That measured approach also shows in some metrics focused on growth rather than cost-cutting. No fewer than 82% of the CFOs Grant Thornton surveyed plan to invest more this year than last in “demand-generating capabilities.” Similarly, more than half of respondents to the most recent monthly Equipment Leasing & Finance Foundation confidence index expect their companies to increase business development spending between now and mid-summer. Only 6.5% believe such spending will be cut.
Other tools CFOs are preparing to invest more in are data analytics and forecasting services. A study by FTI Consulting listed both sets of technologies as among executive teams’ top strategies for 2023 and beyond. There will be no more—or at least far less—getting caught flat-footed by external factors.

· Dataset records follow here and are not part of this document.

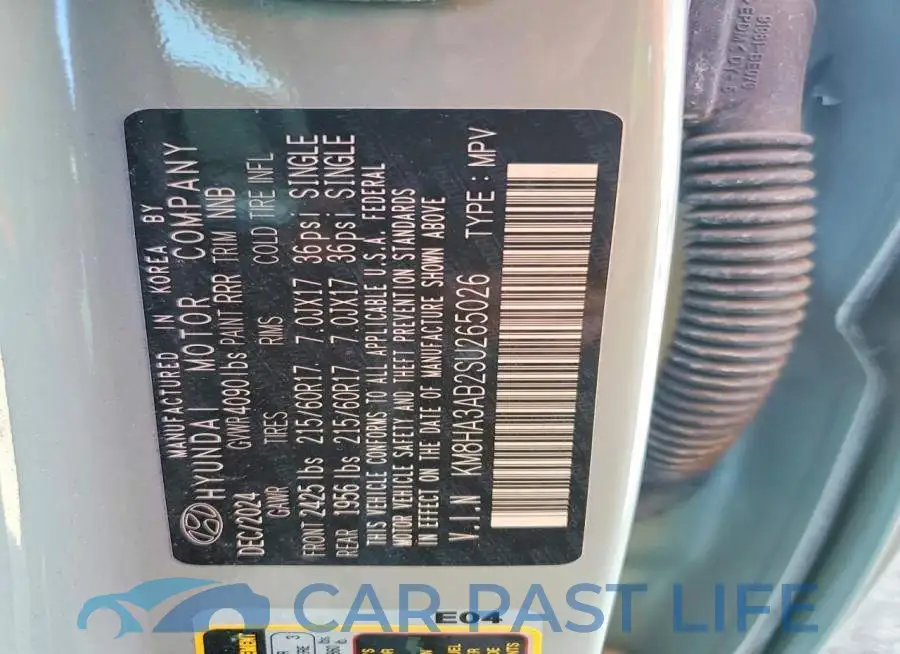 KM8HA3AB2SU265026# 13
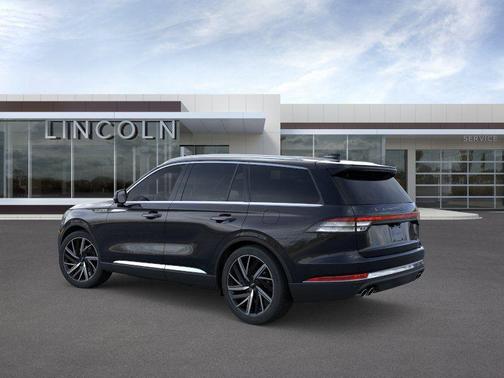 Infinite Black Metallic Clearcoat 2026 Lincoln Aviator Reserve AWD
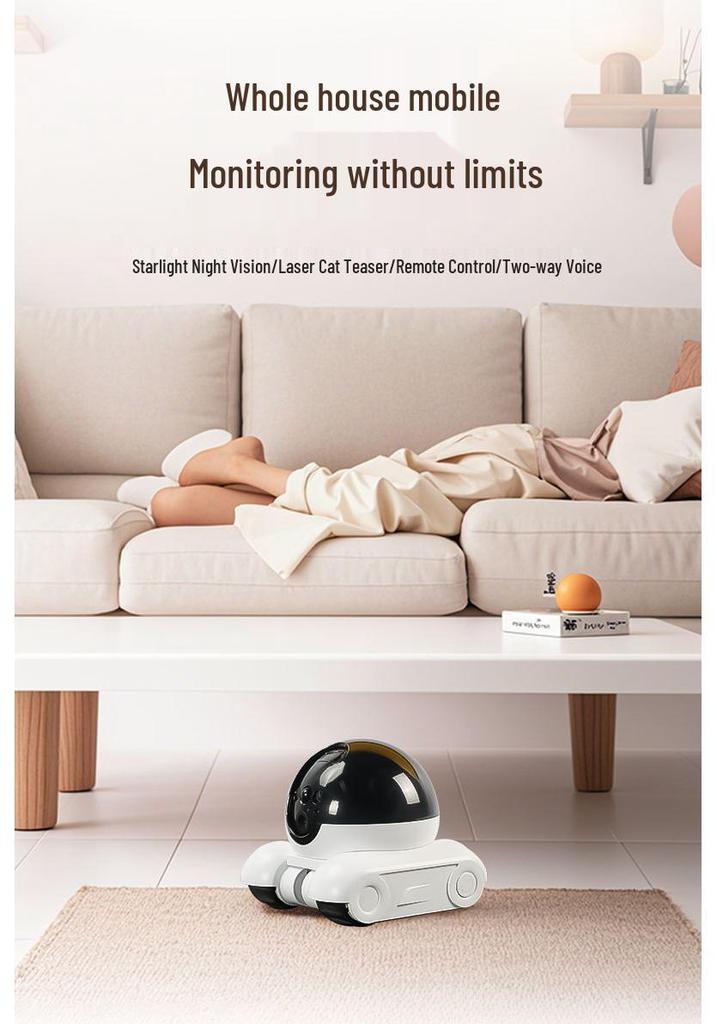 4G Wireless Robot Pet Monitor with Dual Screen & Voice Intercom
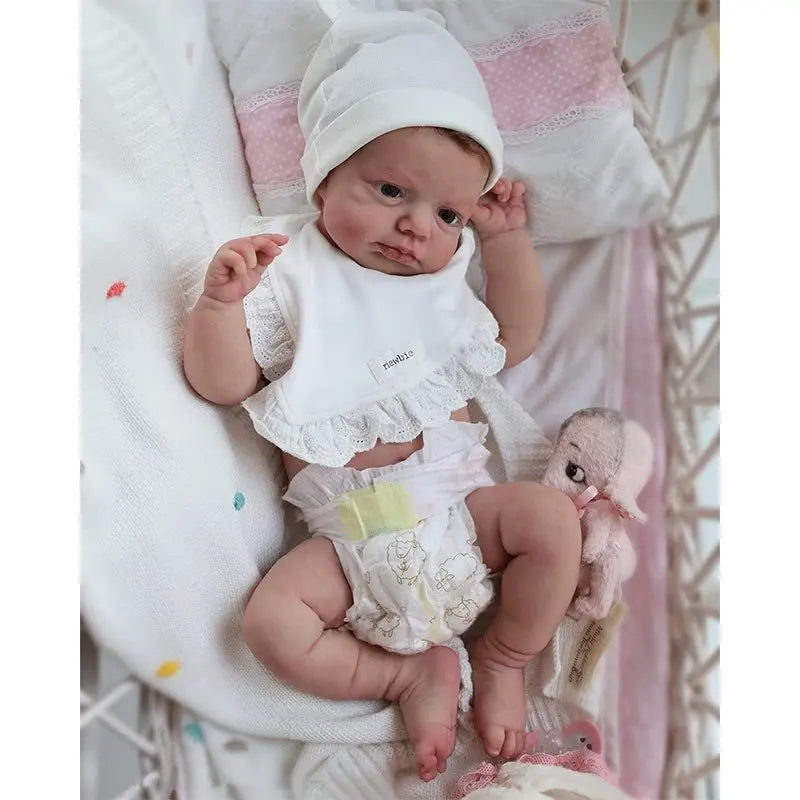 Reborn Baby Kit Vinyl Painted Skin Unassembled Doll Parts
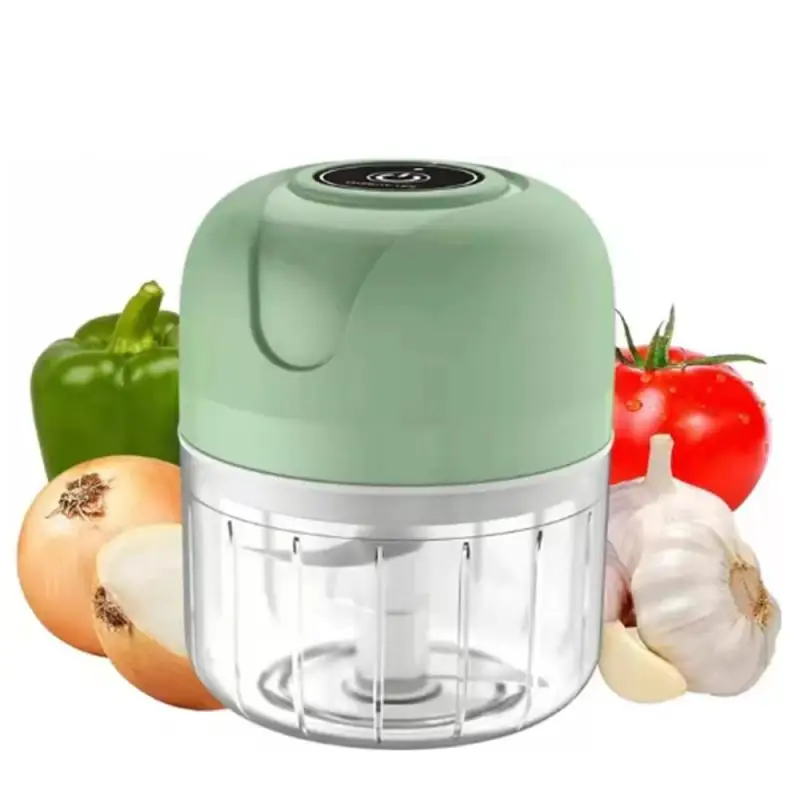 

250ML Mini Electric Garlic Crusher Food Processor USB Charging Vegetable Chopper Portable Kitchen Food Chopper Home Appliance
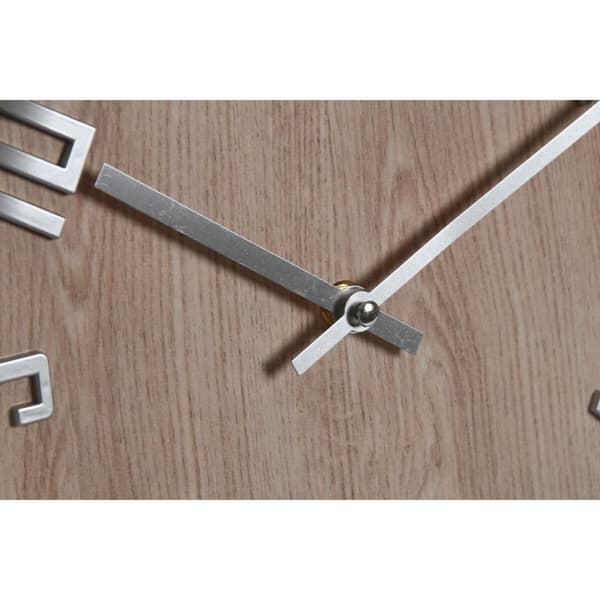 Väggklocka Home ESPRIT Vit Gyllene Silvrig PVC 30 x 4 x 30 cm (2 antal)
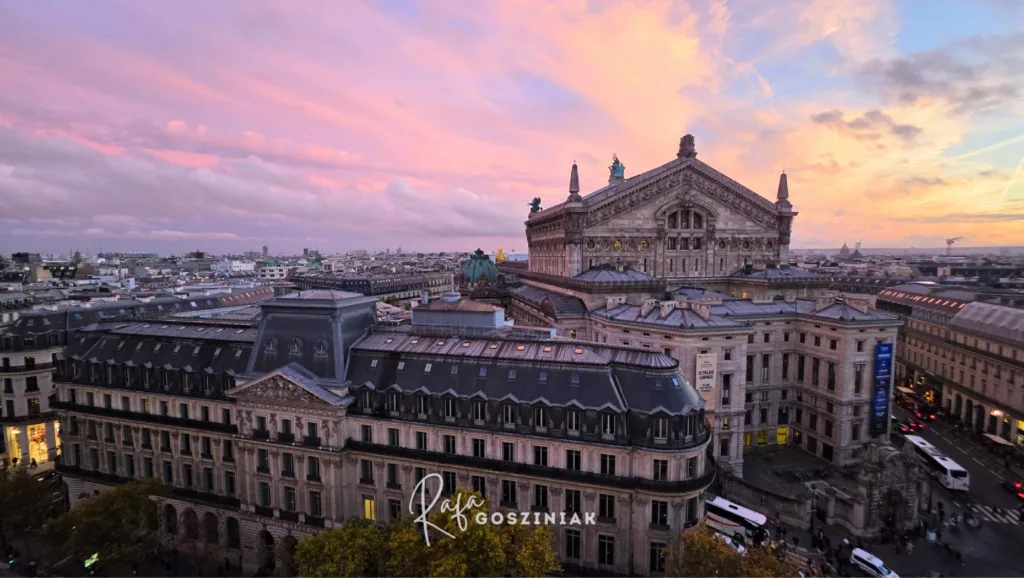 Vista do rooftop Galeries Lafayette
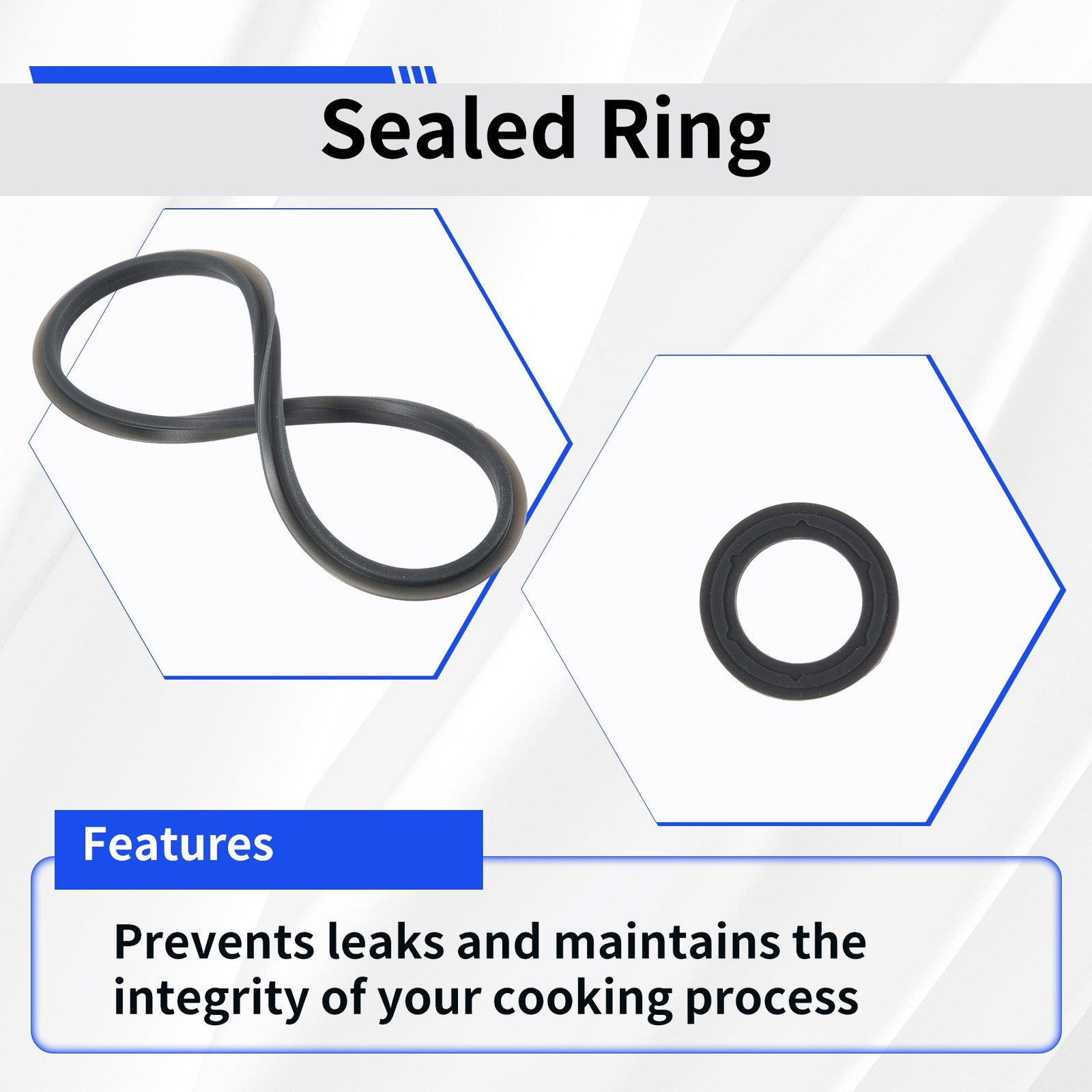 Sealed for Monsieur Cuisine Connect & Lid Gasket + Sealing Mixer Parts K5V5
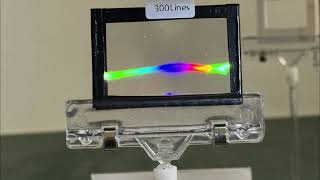 Holographic Diffraction Grating Experiment [upl. by Nnylyaj]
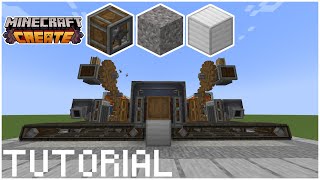 CREATE Iron Farm TUTORIAL No Villagers  Create 1192  tutorial minecraft [upl. by Garihc]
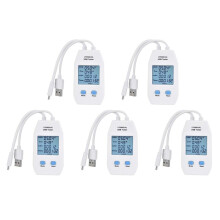 5X USB Tester, -T LCD USB Tester Detector Voltmeter Ammeter Digital Power Capacity Tester Meter(UT658 Dual)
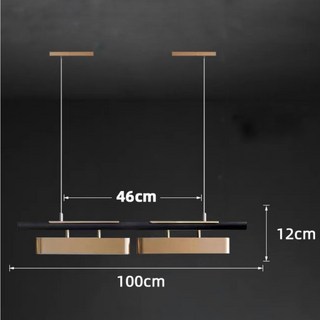 簡約電鍍餐吊燈 二燈/三燈 一字型吧檯燈 餐桌燈 長條燈 中島燈, 雙燈 / 三色變光 沒帶搖控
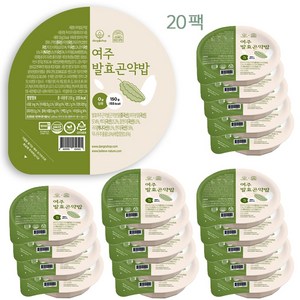 당앤샵 여주발효곤약밥 간편 한끼 저칼로리 다이어트 제로레시피, 20개, 150g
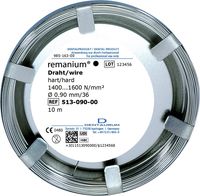 remanium® laboratory coil, round 0.90 mm / 36, hard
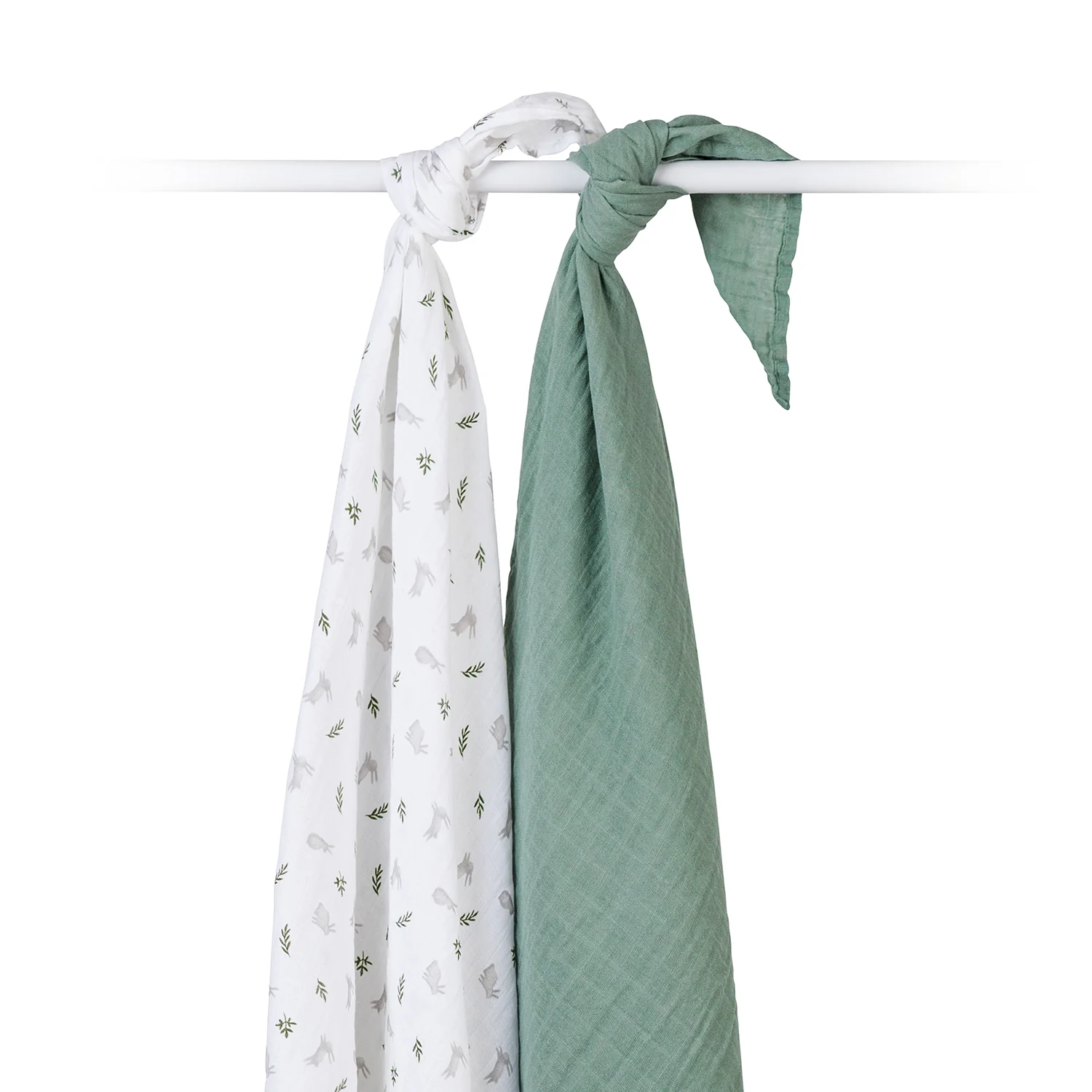 lulujo swaddle 2pk bunnies2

“For many companies, managing financial performance in 2023 will be tied directly to streamlining operations to gain efficiencies, gaining better insights from [financial planning and analysis], and improving overall forecasting accuracy,” FTI analysts wrote.
CohnReznick’s Fuchs said many smaller-scale investments on a shop floor, at a warehouse dock or in back-office operations also can help on the workforce front—that No. 1 expense item. New tech tools or equipment can, assuming they’re smoothly implemented, provide a boost to morale and job satisfaction and thus lower turnover and its associated costs.
Cut a little here, spend a little there. It’s a bit of a dance and not the most glamorous of business strategies. But it might be the winning one in the uncertain economy of 2023.